Ruby Regexp group matching, assign variables on 1 line - ruby

I'm currently trying to rexp a string into multiple variables. Example string:
ryan_string = "RyanOnRails: This is a test"
I've matched it with this regexp, with 3 groups:
ryan_group = ryan_string.scan(/(^.*)(:)(.*)/i)
Now to access each group I have to do something like this:
ryan_group[0][0] (first group) RyanOnRails
ryan_group[0][1] (second group) :
ryan_group[0][2] (third group) This is a test
This seems pretty ridiculous and it feels like I'm doing something wrong. I would be expect to be able to do something like this:
g1, g2, g3 = ryan_string.scan(/(^.*)(:)(.*)/i)
Is this possible? Or is there a better way than how I'm doing it?

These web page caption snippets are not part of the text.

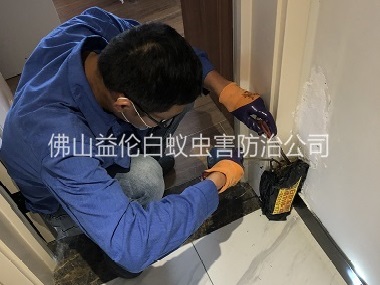 高明住宅白蟻防治工程
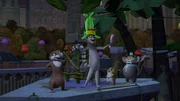 L-R: Marlene, King Julien, Mort, Maurice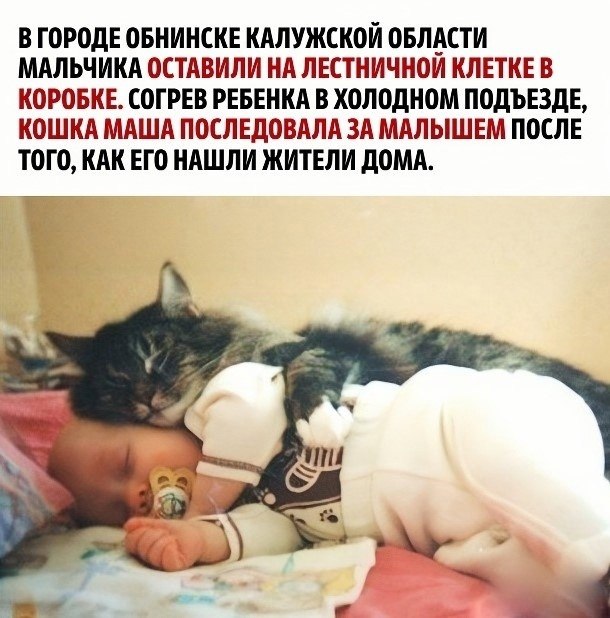       - 2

You don't want scan for this, as it makes little sense. You can use String#match which will return a MatchData object, you can then call #captures to return an Array of captures. Something like this:
#!/usr/bin/env ruby
string = "RyanOnRails: This is a test"
one, two, three = string.match(/(^.*)(:)(.*)/i).captures
p one #=> "RyanOnRails"
p two #=> ":"
p three #=> " This is a test"
Be aware that if no match is found, String#match will return nil, so something like this might work better:
if match = string.match(/(^.*)(:)(.*)/i)
one, two, three = match.captures
end
Although scan does make little sense for this. It does still do the job, you just need to flatten the returned Array first. one, two, three = string.scan(/(^.*)(:)(.*)/i).flatten

You could use Match or =~ instead which would give you a single match and you could either access the match data the same way or just use the special match variables $1, $2, $3
Something like:
if ryan_string =~ /(^.*)(:)(.*)/i
first = $1
third = $3
end

You can name your captured matches
string = "RyanOnRails: This is a test"
/(?<one>^.*)(?<two>:)(?<three>.*)/i =~ string
puts one, two, three
It doesn't work if you reverse the order of string and the regex.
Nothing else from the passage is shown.